Le statistiche rilevano che il fenomeno interessa un numero sempre maggiore di ragazze. Come si differenziano i comportamenti delle adolescenti rispetto ai coetanei maschi?

Nel cyber bullismo le ragazze hanno un ruolo sempre più attivo. Le aggressioni indirette e sociali, da sempre tipiche delle ragazze, trovano nei social network e nelle nuove tecnologie un facile mezzo di diffusione. Le adolescenti possono esprimere il loro bisogno di dominanza aggregandosi in bande, escludendo o diffamando i compagni o le compagne. Un altro aspetto di differenziazione riguarda le forme attraverso le quali si manifesta il comportamento del bullo: i maschi preferiscono le minacce, le foto, i video che costituiscono un attacco più diretto alla vittima, le ragazze preferiscono i messaggi scritti e i comportamenti di esclusione dai gruppi online.

 

Che ruolo può avere la famiglia nella prevenzione?

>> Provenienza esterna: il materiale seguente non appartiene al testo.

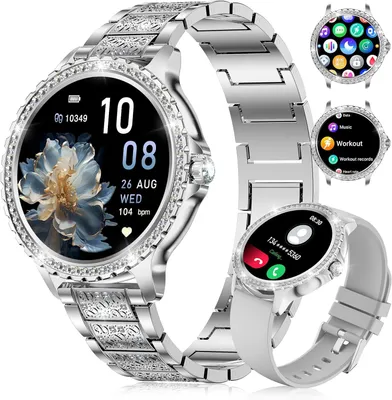 Produktbild von Smartwatch Damen mit Telefonfunktion, 1,35" HD mit Herzfrequenz Schlafmonitor Schrittzähler, IP67 Wasserdicht Fitnessuhr mit 20 Sportmodi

Nei più piccoli i genitori svolgono una funzione molto importante. E' fondamentale che in famiglia vi sia la consapevolezza delle potenzialità, dei rischi e di ciò che si può fare in rete. Questo aiuta anche il processo educativo. Ad esempio sappiamo che, di per sè, proibire l'uso del cellulare o del computer non serve. Parlare di queste problematiche e mantenere una buona comunicazione può invece proteggere i figli, favorire la denuncia e far sì che i ragazzi proteggano le proprie informazioni e quindi se stessi online. I genitori devono incoraggiare i loro figli a intervenire o a chiedere aiuto quando sono testimoni di cyberbullismo. Questo può includere il sostegno alla vittima e la comunicazione del comportamento agli adulti o alle autorità.

 

Cosa può fare la scuola invece?

E' fondamentale in questo contesto il coinvolgimento diretto dei ragazzi. Le iniziative da attivare possono essere diverse. Alcune possono essere finalizzate a conoscere le conseguenze legali e i rischi penali derivanti dalle azioni di cyber bullismo, altre a sviluppare le competenze necessarie alla sicurezza e alla protezione personale. I giovani hanno bisogno di imparare i principi della "netiquette" cioè della "comunicazione corretta in rete"e capire che queste norme si applicano sia nella vita reale che online. Proprio
nelle scuole, in questi anni, abbiamo verificato la validità di un progetto, elaborato dal nostro team, dal titolo  "Noncadiamointrapppola". Il principio cardine da cui siamo partiti è di non demonizzare, ma anzi avvalerci delle nuove tecnologie (http://www.squarciagola.net/cyberbullismo/)  nel promuovere comportamenti positivi e contrastare le  prevaricazione tra pari. Il modello prevede la partecipazione dei ragazzi con azioni portate avanti sia on line che nel mondo reale, puntando a far sì che gli studenti non siano solo i meri destinatari dell'intervento, ma i promotori tra i propri pari di un reale cambiamento. Il risultato è stato una riduzione dei fenomeni con un effetto variabile tra il 2%  e il  25% dei casi di bullismo e vittimizzazione. Il paradigma è stato validato anche a livello internazionale con esito positivo ed è valso l'inserimento del nostro team nella rete scientifica dei programmi "evidencebased ", oltre che l'invito a presentare pubblicamente la nostra esperienza in dibattiti o all'interno di pubblicazioni scientifiche.

 

Quali saranno le prossime tappe dell'attività di ricerca dell'Università di Firenze sul bullismo?

Nei prossimi mesi avvieremo un nuovo progetto europeo (Daphne 2012 - EuropeanCommission - Directorate-General Justice) che prevede la sperimentazione in parallelo in 6 paesi - tra cui il nostro - del modello "Cybermentor EU". Si prevede l'attivazione di una forma di supporto virtuale a cura di giovani volontari (cybermentori)  reclutati attraverso azioni di sensibilizzazione nelle scuole e nelle università. Infine, il 5 marzo, organizzeremo in rettorato un convegno dal titolo: "La prevenzione del comportamento aggressivo:cosa funziona, cosa non funziona e perché?"in cui verranno messe a confronto diverse esperienze europee e valutata la loro efficacia nel ridurre i comportamenti di bullismo e di violenza a scuola.